Amazon's product catalog contains over 350 million items, with customers executing billions of search queries daily. Tree-based data structures are fundamental to Amazon's ability to deliver relevant results at scale, balancing search speed, memory efficiency, and result quality through specialized hierarchical organizations.
Tries optimize prefix-based operations, making them ideal for Amazon's search auto-completion and predictive search features.
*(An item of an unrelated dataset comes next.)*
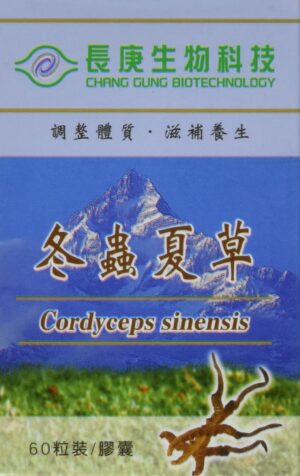 Version 1.0.0 Cpsulas de Cordyceps Sinensis Tonicology en frasco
B+ Trees provide optimized disk-based indexing for Amazon's catalog database, balancing search performance with storage efficiency.
// C++ implementation of Amazon-style product search using tries and B+ trees
#include <iostream>
#include <vector>
#include <unordered_map>
#include <string>
#include <memory>
#include <algorithm>
class ProductCatalogSearch {
private:
// Trie node structure for auto-completion
struct TrieNode {
bool isEndOfWord;
std::unordered_map<char, std::shared_ptr<TrieNode>> children;
std::vector<int> productIds; // Products associated with this prefix
int searchFrequency; // How often this prefix is searched
TrieNode() : isEndOfWord(false), searchFrequency(0) {}
};
// B+ Tree node structure for range-based searches
struct BPlusTreeNode {
bool isLeaf;
std::vector<double> keys; // e.g., price points
std::vector<std::shared_ptr<BPlusTreeNode>> children;
std::vector<std::vector<int>> productIds; // Only in leaf nodes
std::shared_ptr<BPlusTreeNode> nextLeaf; // For efficient range queries
BPlusTreeNode(bool leaf) : isLeaf(leaf) {}
};
// Category tree node for hierarchical navigation
struct CategoryNode {
int categoryId;
std::string categoryName;
std::vector<std::shared_ptr<CategoryNode>> subcategories;
std::vector<int> productIds;
std::unordered_map<std::string, std::vector<std::string>> attributes;
CategoryNode(int id, const std::string& name)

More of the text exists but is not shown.